Saturday, August 28, 2010

Lazy Saturday/book review

I had the best intentions today of dusting and vacuuming the whole house. That didn't happen. I did manage to do my laundry, pay some bills online and return my two-weeks overdue library books. One of the books had a section falling out of it that was not falling out when I checked out the book. I felt horribly guilty about this and confessed to it at the checkout counter rather than just dropping the book in the bookdrop.

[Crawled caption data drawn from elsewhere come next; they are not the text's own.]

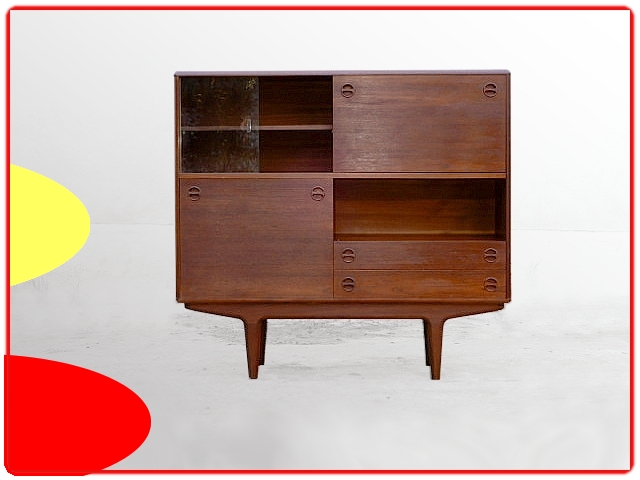 Enfilade danoise Sven Ellakaer 1960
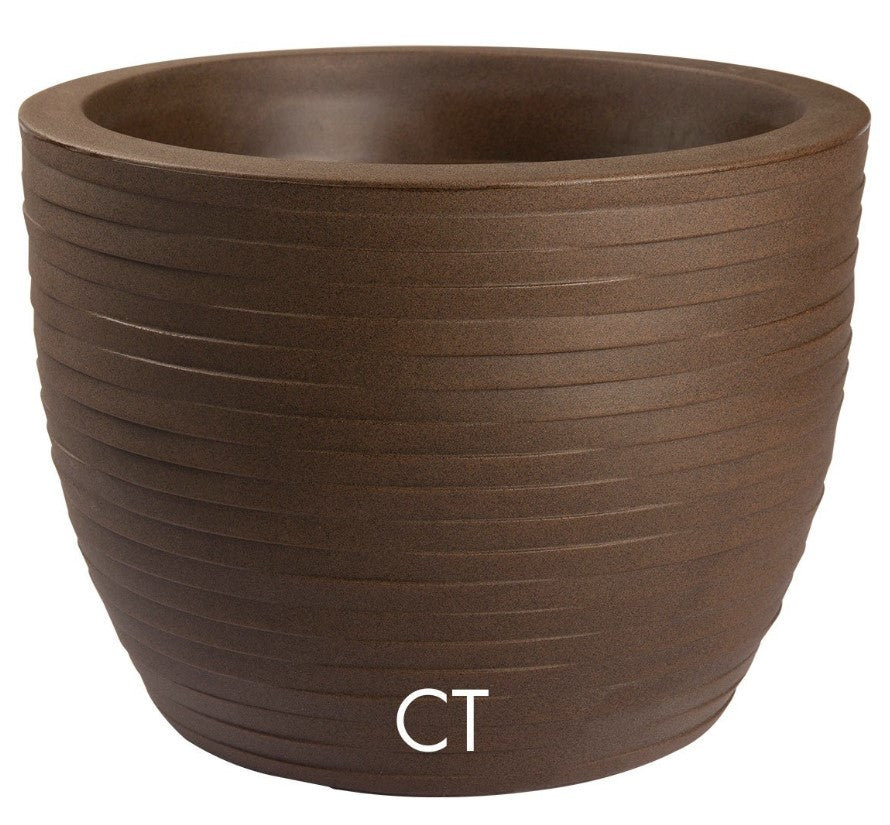 Hera Elegance Vaso Cm.50 Corten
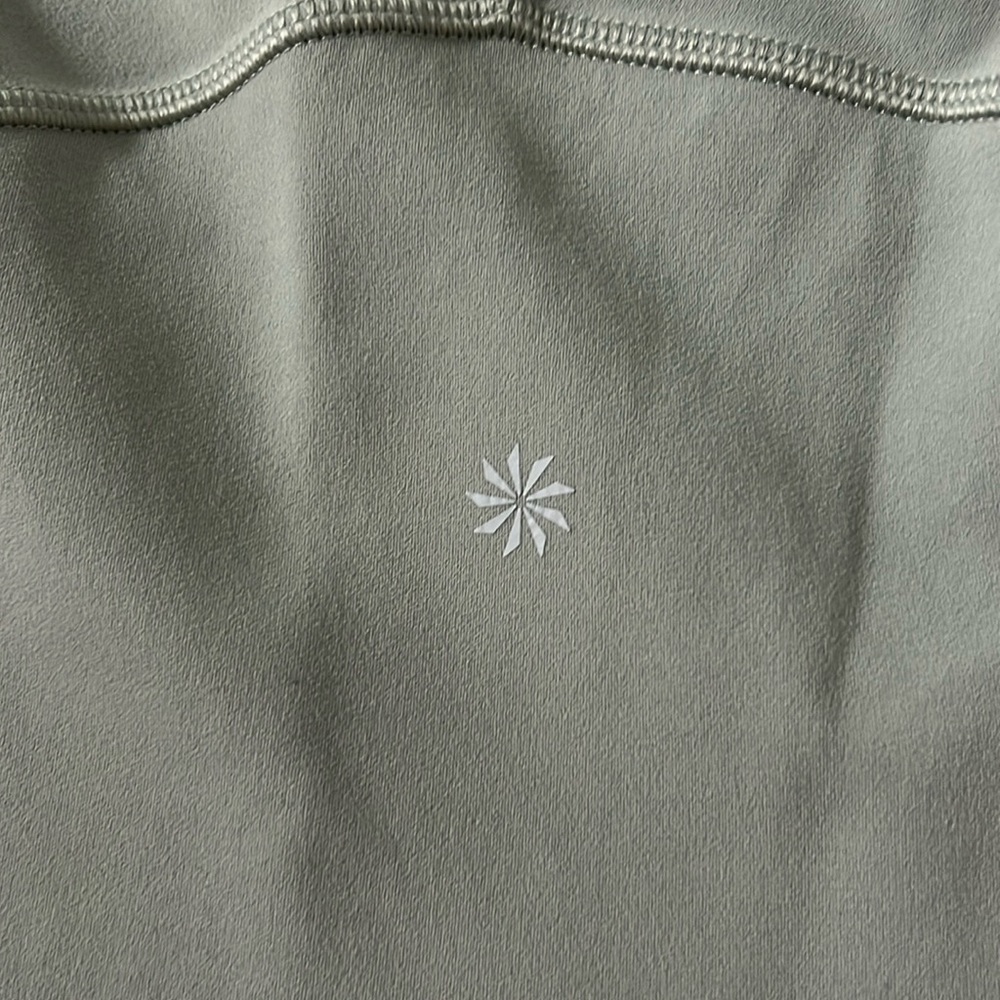 Athleta high rise leggings with pockets. Size Small(worn twice).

The now falling-apart book I read was called Amazing Grace: A Vocabulary of Faith by Kathleen Norris. From the Publisher's Weekly review:
When poet Norris (The Cloister Walk) found her way back into church in the early 1980s, she was unsettled by what she calls the "vaguely threatening and dauntingly abstract" vocabulary of the church. Many of the words, like "Christ," seemed to her code words churchgoers used out of convenience when they could not find other words to use. Other words?like "salvation," "conversion," and "dogma"?seemed to Norris to be too abstract to reflect meaningfully her own experience. In this "vocabulary of faith," Norris draws upon her considerable poetic skills to refashion the vocabulary of the church into her own religious vocabulary. In each of these meditations, Norris uses anecdotes and humor to invest these words with fresh meanings.
It's a fantastic idea for a book, though I think Norris is uneven in her execution of it. She sometimes follows through to perfection, and other times seems to miss the mark with chapters that seem way too short, offering anecdotes that seem too lightweight given the immense baggage attached to some of these words.

Still, I enjoyed the tone of this book versus one written by a clergy member or professor, in the way it combines academic knowledge with personal reflection. She often delves into Greek word origins and into the spirituality of Benedictine monks, with whom she has apparently spent a lot of time. Hmm, interesting. Norris also acknowledges doubt and her agnostic past, which I think is brave.

Yeah, it's really too bad that this book is so battered up for the next person.